In our approach, the super-expensive acoustic model is going to output a real-time stream of phoneme- or character-level tokens. So if you say "Hallo" it'll output "H H A L L : L L O O O _" with : being the glottal stop and _ being the word end silence.

This data can then be easily transformed into "HALLO " and on average we see a 95% success rate on the character level.

For more advanced use-cases, the token sequence along with their likelihoods can be fed into a language model. That one would do stuff like turn "HALO" into "HALLO". Those language models are based on KenLM and you can train a good one with a 2TB SSD and 64 GB of RAM, so that'll be in the realm of regular people.

The full pipeline currently ranks worse than Microsoft Azure but better than Google Cloud in word recognition accuracy. Estimated training costs so far are €20k.

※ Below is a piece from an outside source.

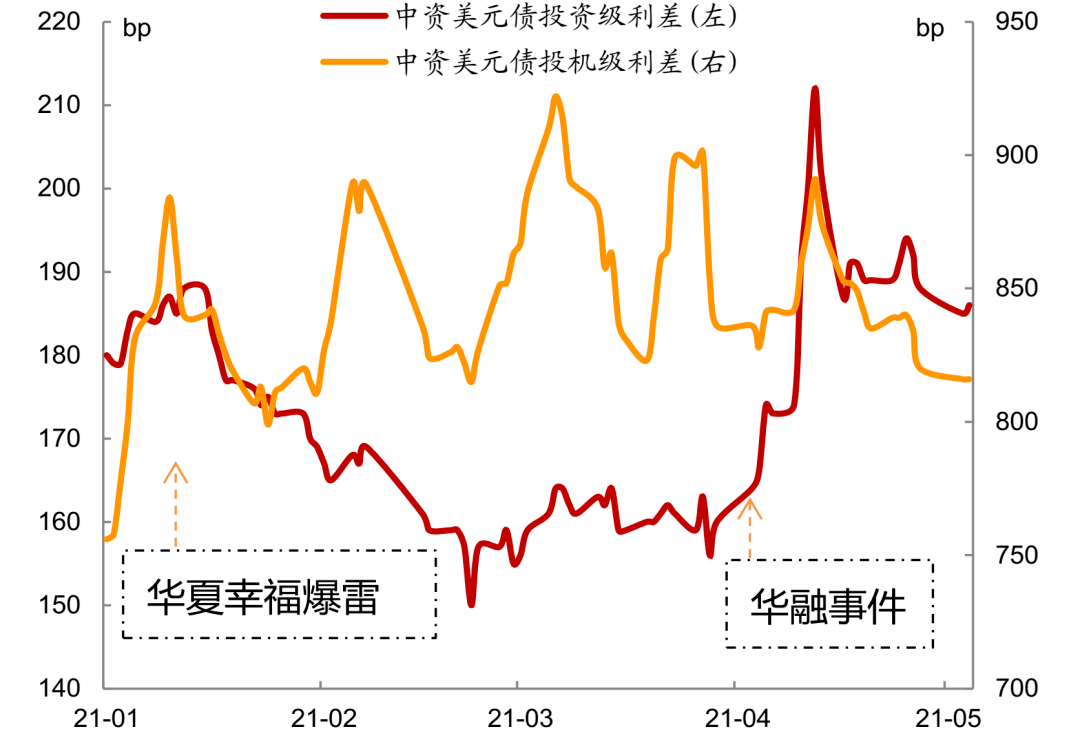 中资美元债融资回暖,上半年发行逼近700亿美元,收益率或将持续上行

Users will hopefully receive the whole thing as a pre-compiled Windows DLL / Linux SO with SWIG language bindings. The idea behind splitting things into "wav to phonemes" and "phonemes to words" is that it allows participating companies to train specialized word models for their field and also to do hotword boosting, which is kind of what you want. If the AI recognizes that you said "computer, play ..." then it can switch to a language model which only allows song titles for the rest of the sentence. Similarly, the acoustic part will work for both German and English, so by switching the language model, you can switch the recognition language on the fly.

We are also preparing additional models like webcam virtual background replacement, spell- and grammar-checking, automated video subtitling, phone Q&A systems, etc.

Feel free to email us with the address on that page and I'll reply when we have a first release out.

thomasfromcdnjs · on March 30, 2022

Given that hf-speech-bench, is there any easy way to tell if they support streaming speech? Or do all models support streaming speech?

fxtentacle · on April 1, 2022

Most models sadly do not. If they rely on a beam search decoder (most do) then doing streaming data processing requires additional trickery to keep the search state up-to-date.

As such, I'm also not aware of any easy check. That said, you can probably convert most deep learning models to work with streaming data without having to retrain the AI.

spullara · on March 30, 2022

Wow, this is really, really bad. Try this one to compare.

https://azure.microsoft.com/en-us/services/cognitive-service...

I don't work for MSFT.

mnkmnk · on March 30, 2022

This is not really a demo of the voice transcription quality but of the platform. It just shows how to take an open source machine learning library (deepspeech) and make it into a webapp quickly.

spullara · on March 30, 2022

Ah ok. I have done that as well. Deepspeech and Speechbrain and the other open source models for transcription are unfortunately not good. Probably because they don't have enough training data relative to the big guys. You should show CLIP - probably the best open source model I have seen as it was trained on a huge corpus.

renierbotha · on March 30, 2022

Yeah not really working as expected.

Was interested in this as I'm looking to build a "swearing detector" to help me swear less in video calls but this could not pick up one sentence properly out of a couple and then it started throwing errors.

Think it needs some time back in the lab tbh.

jamal-kumar · on March 30, 2022

TUSTING TUSTING TESTTEST ONE TO TEST TEST ONE DO ONE TWO HREE FOUR OUD FIVE SIX SEVEN EIGHT

I wouldn't exactly call this a success

thomasfromcdnjs · on March 30, 2022

Really nice work on the GUI, keep it up!

monkeydust · on March 30, 2022

ASR on my Pixel 6 has been a game changer, combo of accuracy and speed.